Should a picture appear anywhere in the data, omit it and copy everything else exactly.

━━ DATA PROVIDED ━━

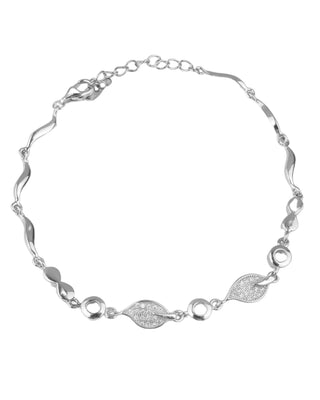 Silver Zircon Wavy Life Bracelet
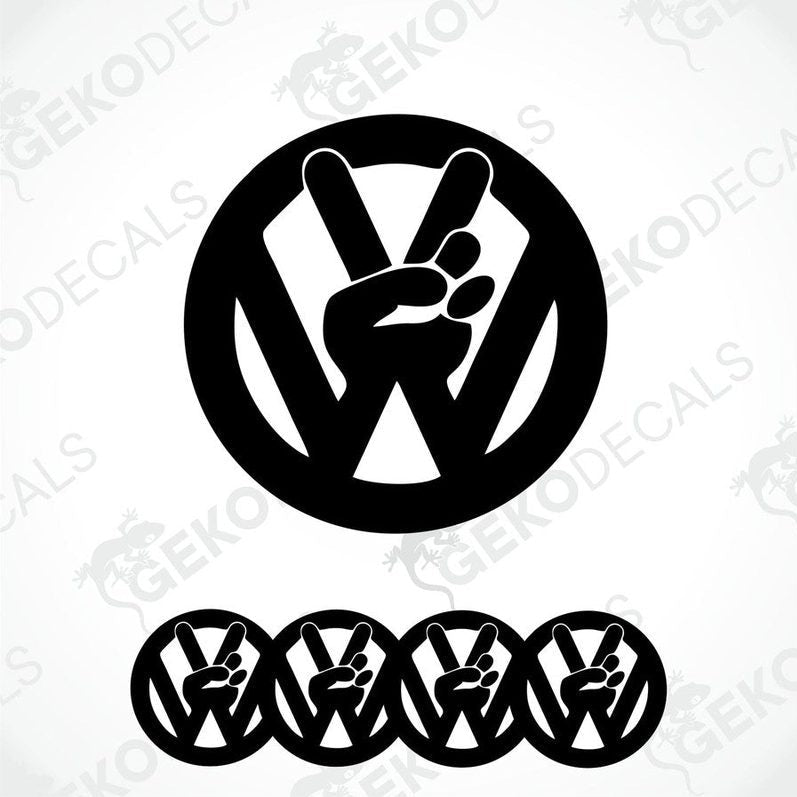 A set of four black vinyl decals with a polyurethane coating featuring the Volkswagen logo.
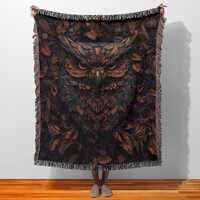Dark Academia Owl Blanket, Woven Jacquard, Cozy Cotton Throw, Earthy Tones, Gift for Reader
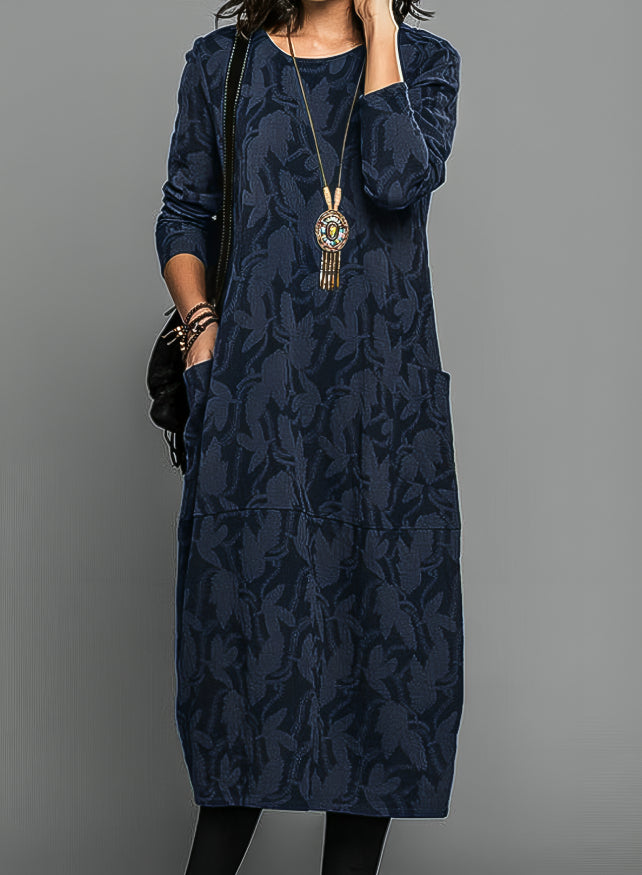 Uma | Jacquard Floral Print Round Neck Long Sleeve Pocket Maxi Dress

━━━

YOUR RESPONSE:
 Silver Zircon Wavy Life Bracelet
 A set of four black vinyl decals with a polyurethane coating featuring the Volkswagen logo.
Dark Academia Owl Blanket, Woven Jacquard, Cozy Cotton Throw, Earthy Tones, Gift for Reader
 Uma | Jacquard Floral Print Round Neck Long Sleeve Pocket Maxi Dress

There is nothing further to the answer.